### [Work request]
Find the line containing "Art Deco dressing", then return it and every line after it through the end of the records, exactly. Leave out pictures.

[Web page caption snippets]
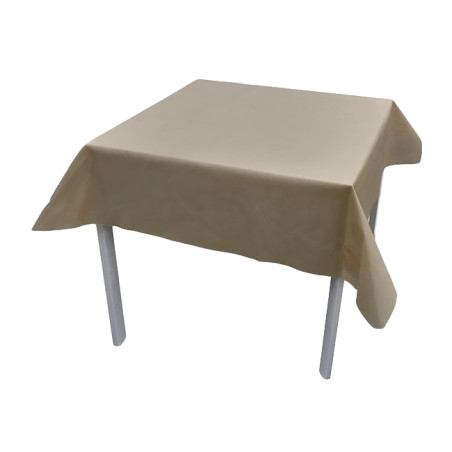 Nappe en PP Non-Tissé Crème 120x120cm (150 Utés)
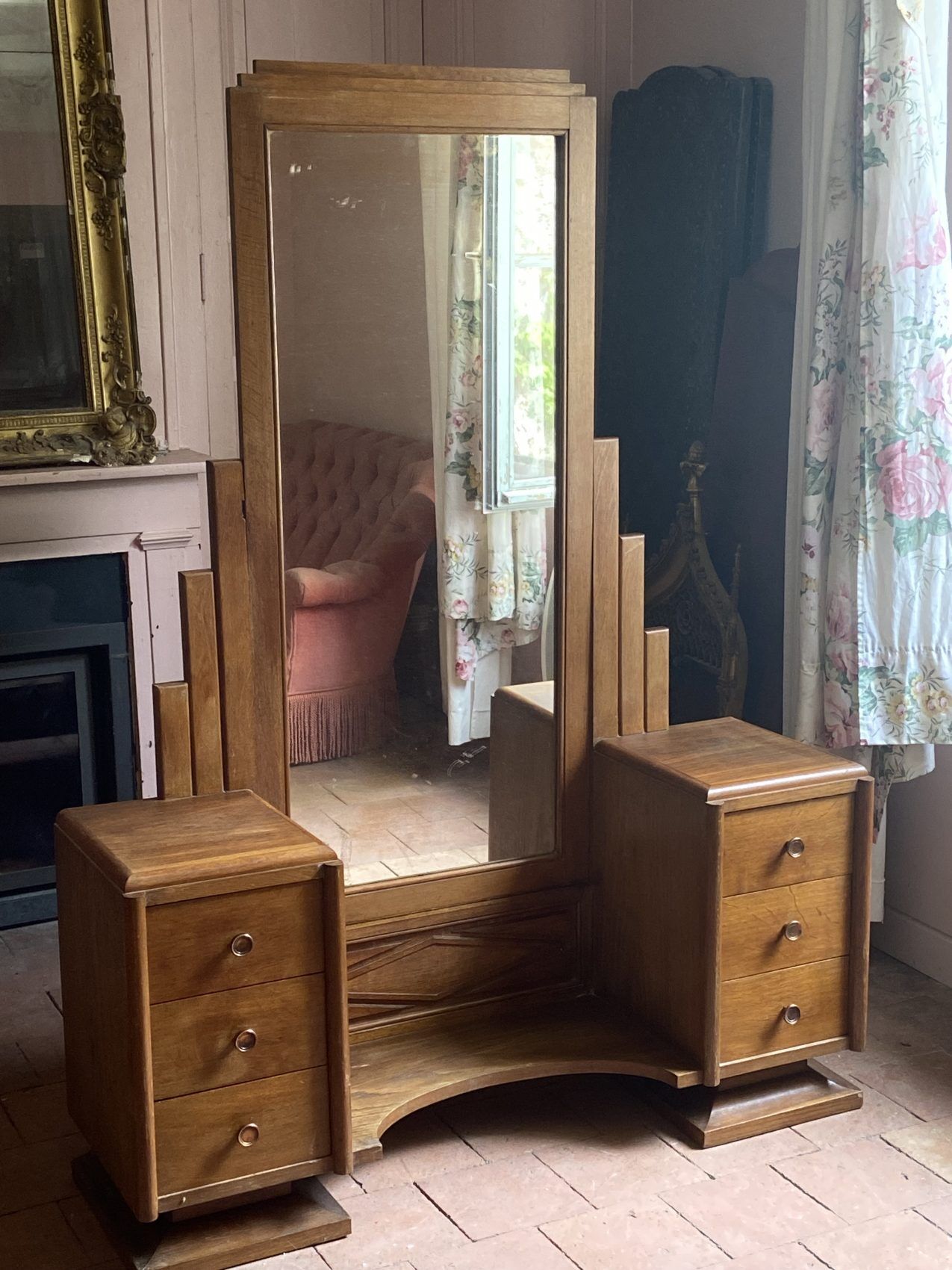 Art Deco dressing table in solid oak – 1920s/1930s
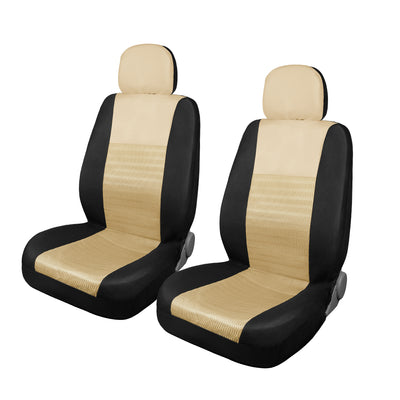 Harfington Uxcell Yellow Black Car Breathable 3D Air Mesh Seat Covers Set W/Headrest Cover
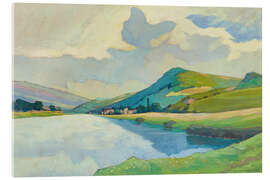 Acrylic print The Moselle near Schengen, 1924 - Nico Klopp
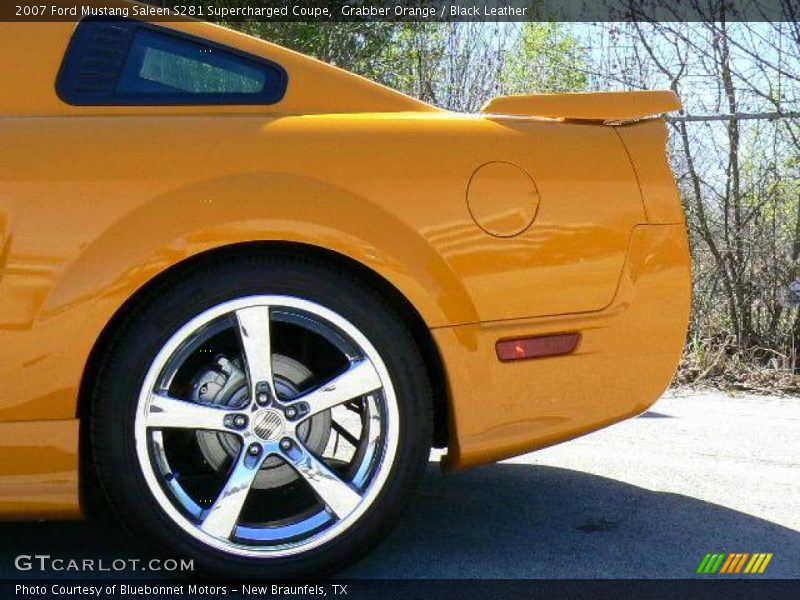 Grabber Orange / Black Leather 2007 Ford Mustang Saleen S281 Supercharged Coupe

### [Result of this exercise]
 Art Deco dressing table in solid oak – 1920s/1930s
 Harfington Uxcell Yellow Black Car Breathable 3D Air Mesh Seat Covers Set W/Headrest Cover
 Acrylic print The Moselle near Schengen, 1924 - Nico Klopp
 Grabber Orange / Black Leather 2007 Ford Mustang Saleen S281 Supercharged Coupe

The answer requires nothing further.